At the Volokh Conspiracy, Orin Kerr offers some alternative theories to explain the broad scope of the cert. grant in McDonald v. City of Chicago.  He suggests that the Court may not be planning to overturn the Slaughterhouse Cases and embrace incorporation through the Privileges and Immunities Clause after all.

Robert Barnes at the Washington Post and John Schwartz of the New York Times discuss Skilling v. United States, a constitutional vagueness challenge by former ENRON President Jeffrey Skilling to a federal anti-fraud provision that criminalizes the denial of “honest services.”  The Court will consider two other “honest services” cases this week: Weyhrauch v. United States and Black v. United States, this Tuesday.  Lyle Denniston previewed Black here.

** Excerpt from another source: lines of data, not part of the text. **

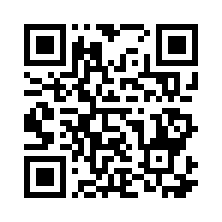 QR Code for 1EJCQJLEMg4gDwFRLuihvrqfVgXQxpXotQ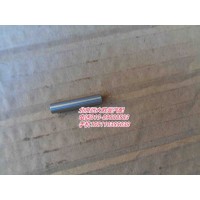 ZL300S1-2405004A滚针
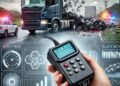 How to Obtain Truck Black Box Data for Your Injury Claim - The Journal ...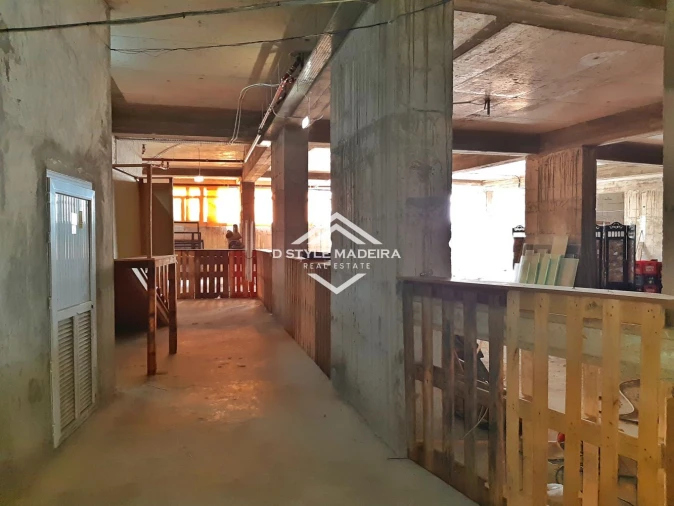 Loja para Venda em São Martinho Foto 13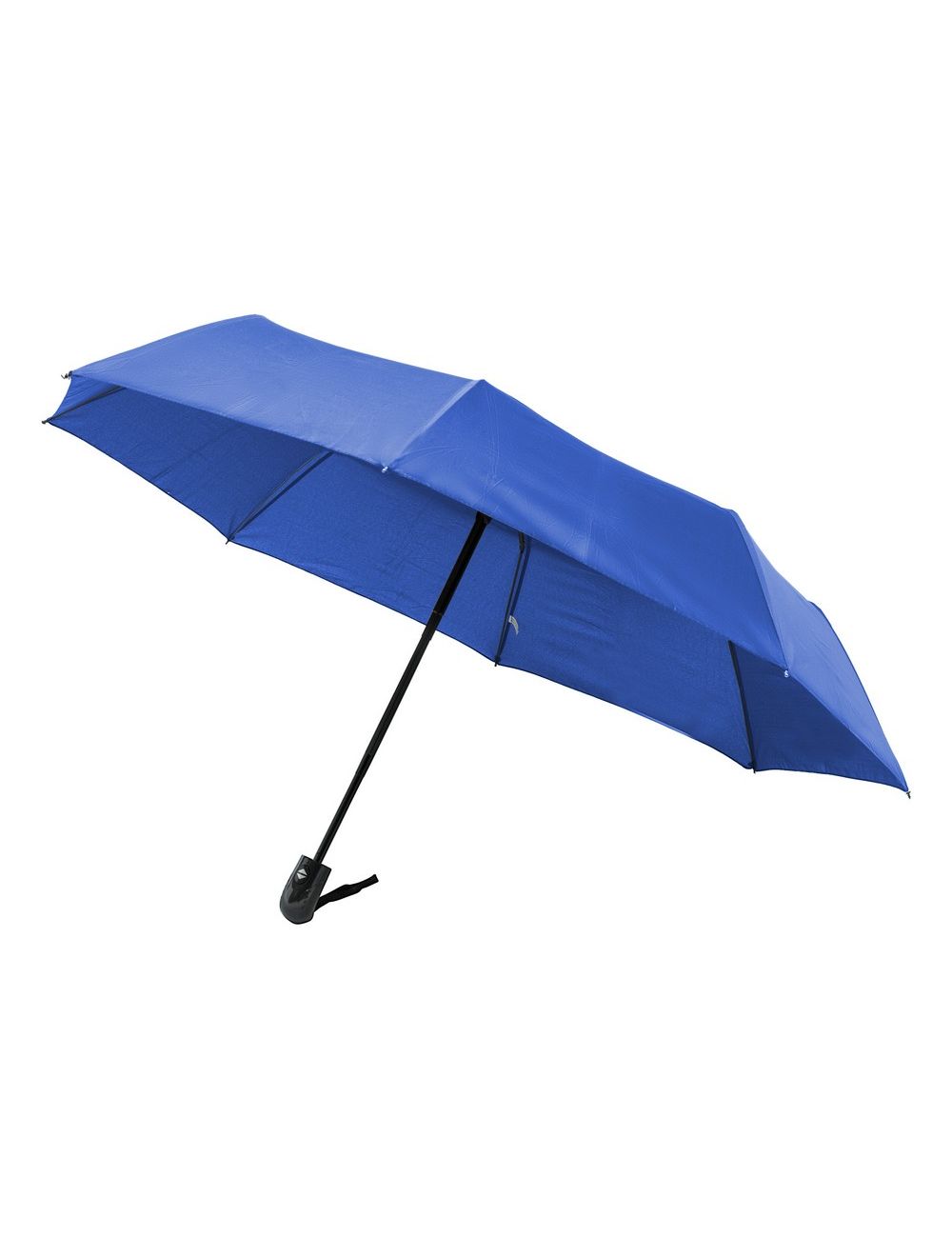 Parasol automatyczny, składany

Warrant Richey of the Christian Science Monitor and David H. Gans of Text & History both analyze Free Enterprise Fund v. Public Company Accounting Oversight Board, an Article II challenge to the Sarbanes-Oxley Act being heard today at the Court.  The Wall Street Journal weighs in, arguing that Sarbanes-Oxley’s bookkeeping requirements cause more harm than good.

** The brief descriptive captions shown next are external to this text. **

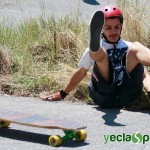 YeclaSport_SkateLongboard_Castillo-(16)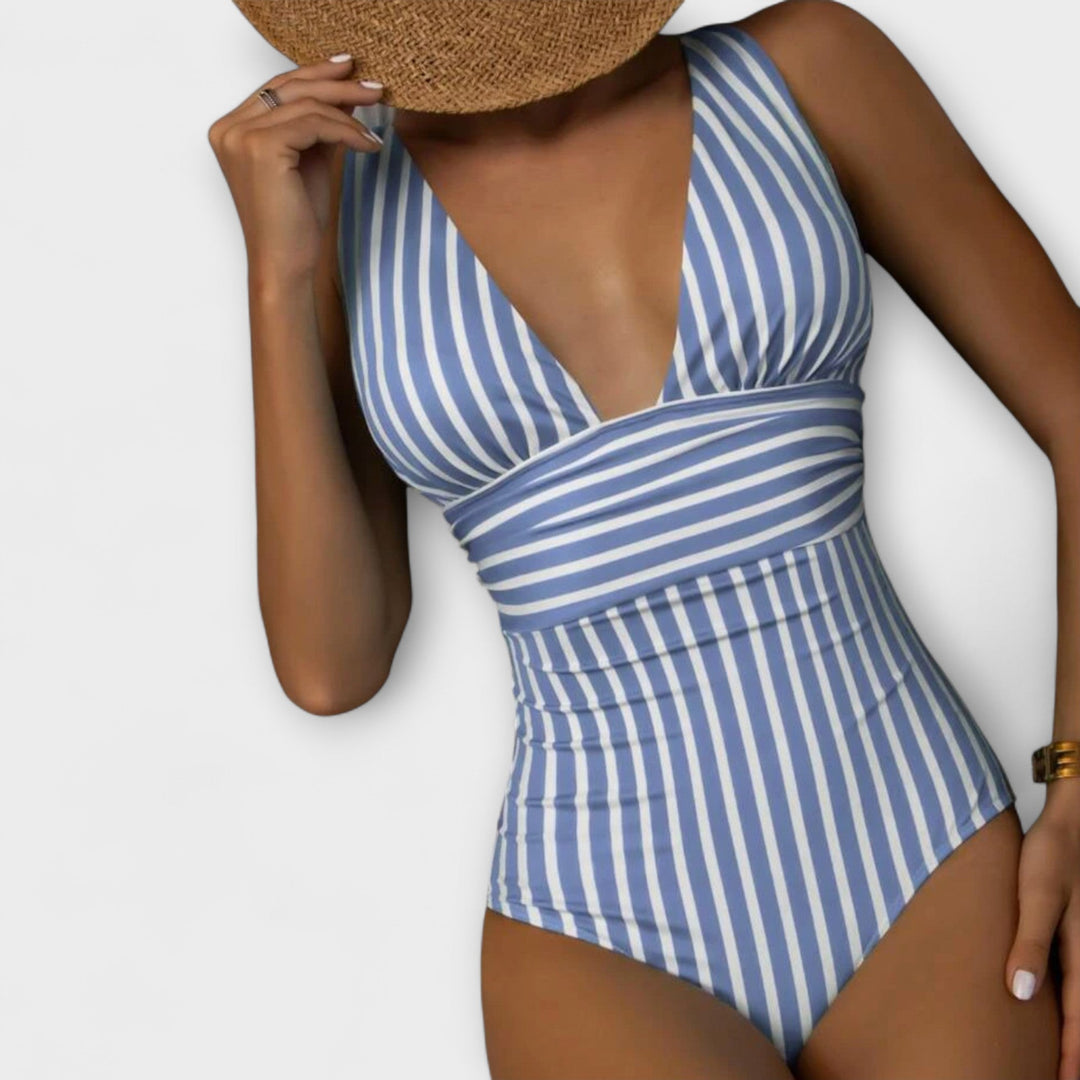 Aurora | Swimsuit
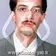 دکتر سعید چارسوئی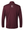 Custom Printed Apparel | Adult Unisex Performance 1/4 Zip - Maroon | Okemos Golf - Okemos Golf - 19111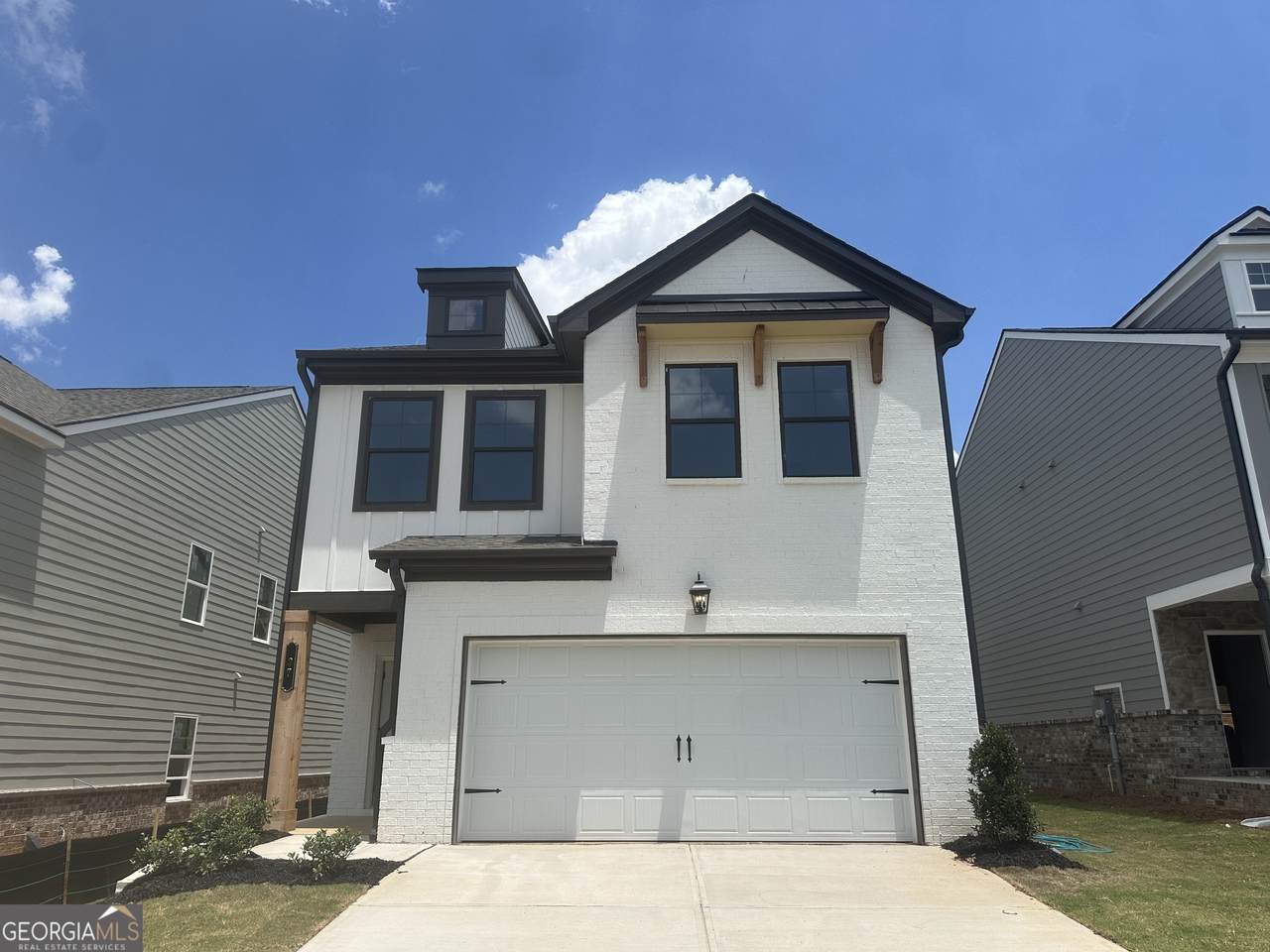 27 Butternut Way - Photo 1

At the Christian Science Monitor, Warren Richey discusses Florida v. Powell, in which the Court will consider whether police must inform a witness of their right to counsel during an interrogation, or whether it is instead sufficient to inform them beforehand.

At Balkinization, Sandy Levinson argues that Linda Greenhouse’s suggestion that the Court has effectively imposed a lower standard for ineffective assistance of counsel in death penalty appeals for veterans could be seen as a form of affirmative action.

At the Boston Globe, Claude R. Marx reviews Joan Biskupic’s biography of Antonin Scalia.